Each line from the one containing "VW Golf mk4" to the end of the entries is to be repeated exactly, and no other line.

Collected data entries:
......

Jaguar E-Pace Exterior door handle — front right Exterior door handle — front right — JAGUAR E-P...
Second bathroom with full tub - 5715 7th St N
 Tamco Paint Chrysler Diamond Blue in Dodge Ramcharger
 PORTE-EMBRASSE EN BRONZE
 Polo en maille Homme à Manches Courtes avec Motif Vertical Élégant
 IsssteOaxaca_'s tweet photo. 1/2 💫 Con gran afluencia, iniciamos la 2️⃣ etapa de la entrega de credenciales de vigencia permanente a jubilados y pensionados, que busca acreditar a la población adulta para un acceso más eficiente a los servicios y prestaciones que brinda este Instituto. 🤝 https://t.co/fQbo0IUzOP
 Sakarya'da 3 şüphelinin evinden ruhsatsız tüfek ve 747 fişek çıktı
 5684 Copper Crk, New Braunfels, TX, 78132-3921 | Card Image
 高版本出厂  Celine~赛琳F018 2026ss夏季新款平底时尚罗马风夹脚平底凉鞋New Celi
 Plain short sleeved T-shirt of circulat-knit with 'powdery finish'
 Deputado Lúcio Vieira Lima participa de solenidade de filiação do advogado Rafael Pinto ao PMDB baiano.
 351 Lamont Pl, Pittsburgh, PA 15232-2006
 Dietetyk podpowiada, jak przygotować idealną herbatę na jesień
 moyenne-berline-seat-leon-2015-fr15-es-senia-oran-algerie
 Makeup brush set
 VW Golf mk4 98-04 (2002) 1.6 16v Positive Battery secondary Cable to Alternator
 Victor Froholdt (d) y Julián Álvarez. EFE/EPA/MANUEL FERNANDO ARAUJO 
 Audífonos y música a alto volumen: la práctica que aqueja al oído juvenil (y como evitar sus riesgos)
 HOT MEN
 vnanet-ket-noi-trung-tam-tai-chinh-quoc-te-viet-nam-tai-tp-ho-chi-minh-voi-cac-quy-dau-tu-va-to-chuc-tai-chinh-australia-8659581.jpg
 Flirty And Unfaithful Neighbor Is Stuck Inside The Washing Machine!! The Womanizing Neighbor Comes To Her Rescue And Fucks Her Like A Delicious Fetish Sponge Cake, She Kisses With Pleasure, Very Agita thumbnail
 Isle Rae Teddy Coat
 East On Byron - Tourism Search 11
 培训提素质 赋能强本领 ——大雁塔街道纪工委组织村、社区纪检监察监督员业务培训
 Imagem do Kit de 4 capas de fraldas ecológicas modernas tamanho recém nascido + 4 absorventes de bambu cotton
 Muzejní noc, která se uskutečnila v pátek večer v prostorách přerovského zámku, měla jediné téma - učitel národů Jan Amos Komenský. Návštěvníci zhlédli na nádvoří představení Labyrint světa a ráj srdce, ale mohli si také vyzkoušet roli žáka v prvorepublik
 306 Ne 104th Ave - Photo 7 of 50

......

● Solved problem
 VW Golf mk4 98-04 (2002) 1.6 16v Positive Battery secondary Cable to Alternator
 Victor Froholdt (d) y Julián Álvarez. EFE/EPA/MANUEL FERNANDO ARAUJO 
 Audífonos y música a alto volumen: la práctica que aqueja al oído juvenil (y como evitar sus riesgos)
 HOT MEN
 vnanet-ket-noi-trung-tam-tai-chinh-quoc-te-viet-nam-tai-tp-ho-chi-minh-voi-cac-quy-dau-tu-va-to-chuc-tai-chinh-australia-8659581.jpg
 Flirty And Unfaithful Neighbor Is Stuck Inside The Washing Machine!! The Womanizing Neighbor Comes To Her Rescue And Fucks Her Like A Delicious Fetish Sponge Cake, She Kisses With Pleasure, Very Agita thumbnail
 Isle Rae Teddy Coat
 East On Byron - Tourism Search 11
 培训提素质 赋能强本领 ——大雁塔街道纪工委组织村、社区纪检监察监督员业务培训
 Imagem do Kit de 4 capas de fraldas ecológicas modernas tamanho recém nascido + 4 absorventes de bambu cotton
 Muzejní noc, která se uskutečnila v pátek večer v prostorách přerovského zámku, měla jediné téma - učitel národů Jan Amos Komenský. Návštěvníci zhlédli na nádvoří představení Labyrint světa a ráj srdce, ale mohli si také vyzkoušet roli žáka v prvorepublik
 306 Ne 104th Ave - Photo 7 of 50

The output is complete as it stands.